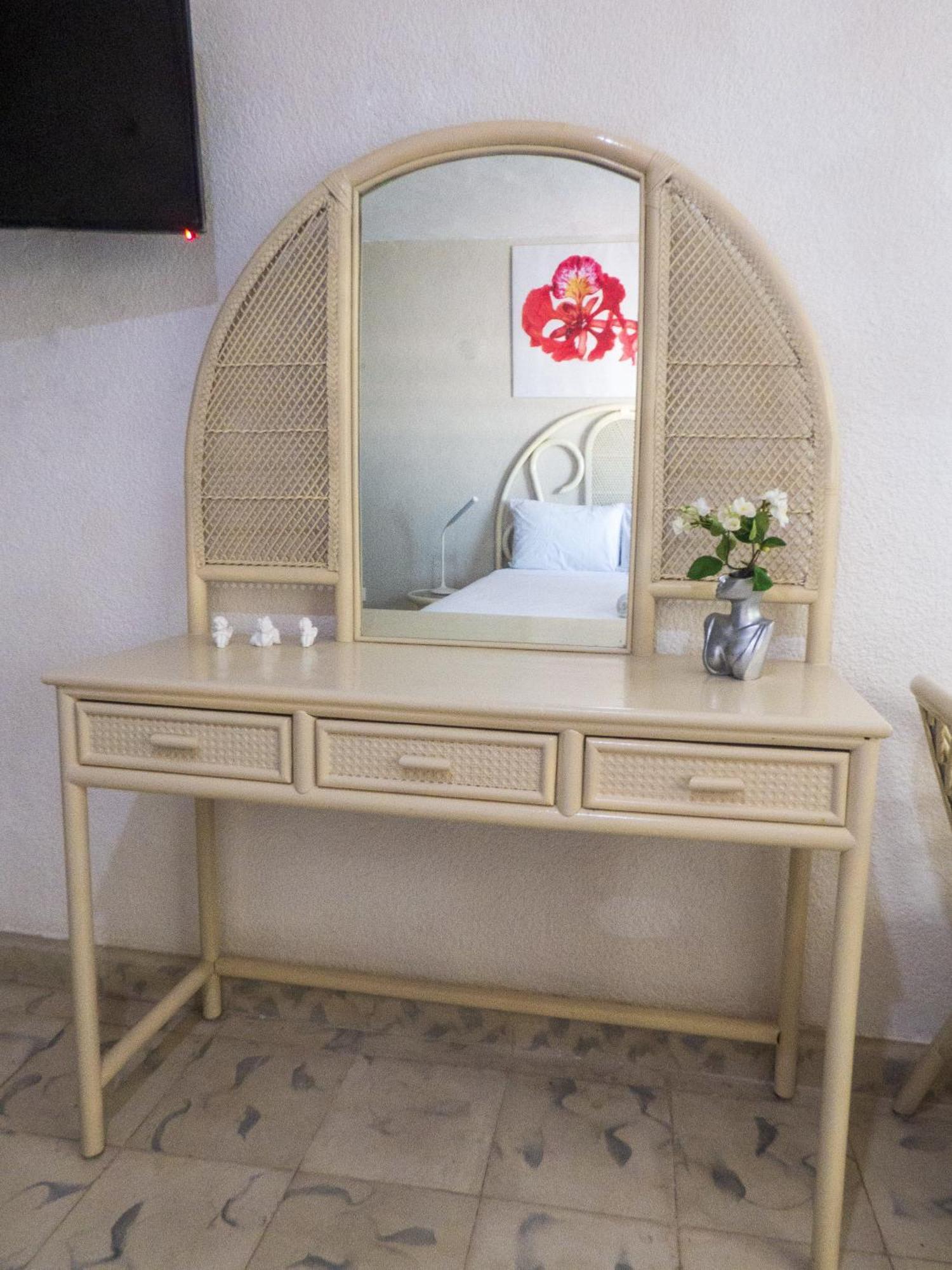 Boutique Flores Y Gemas Hotel 4*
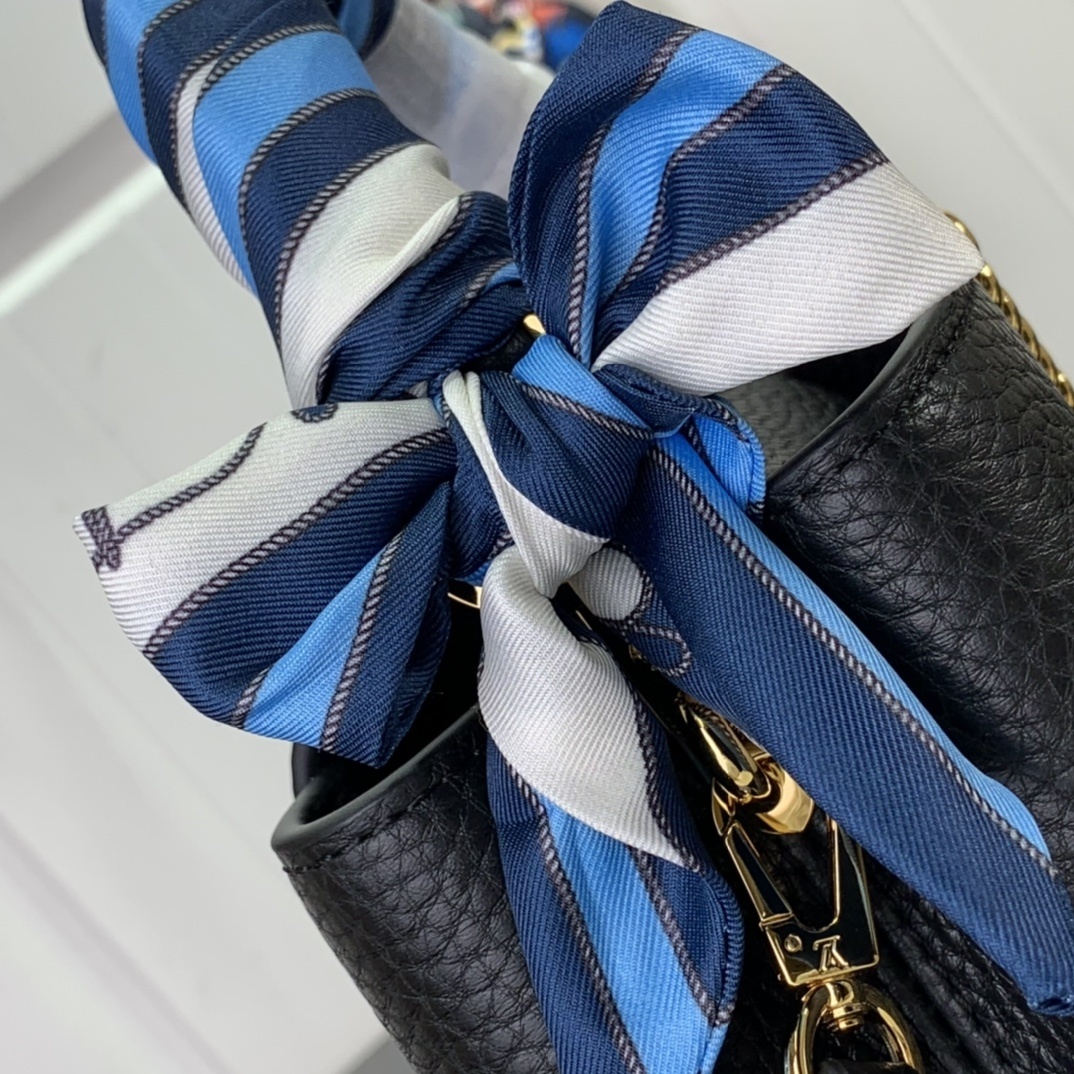 LV Handbag M48865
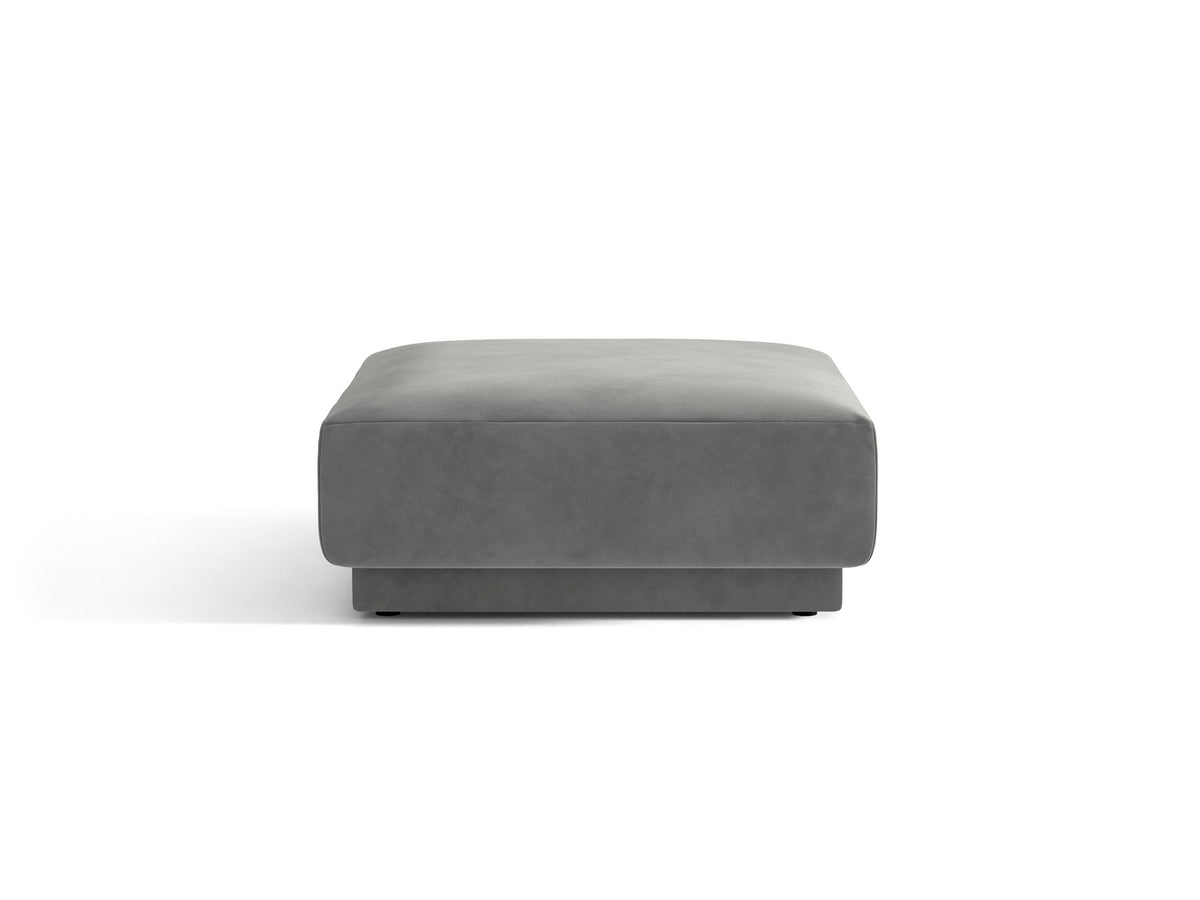 Dunkelbeiger Pouf Miley von Micadoni mit samtartigem Bluvel-Stoffbezug, quadratischer Form und kurzen Polypropylen-Beinen auf hellem Hintergrund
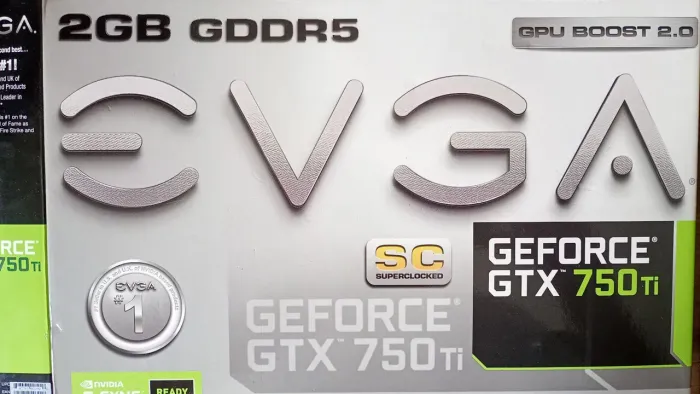Placa de vídeo EVGA GTX 750ti OC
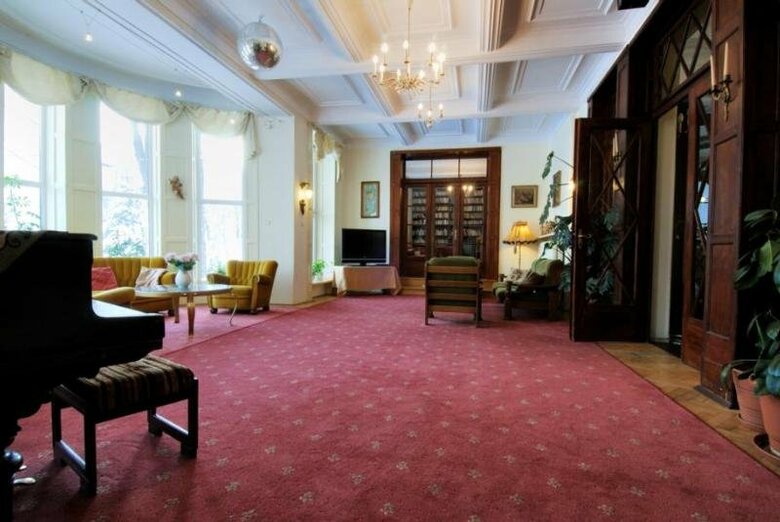Hotel Willa Carlton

WORK REQUIRED
Transcribe exactly the lines from the one holding "Placa de vídeo EVGA GTX 750ti OC" through the final line of the material above, both ends included; any pictures should be dropped.

FINISHED EXERCISE
Placa de vídeo EVGA GTX 750ti OC
Hotel Willa Carlton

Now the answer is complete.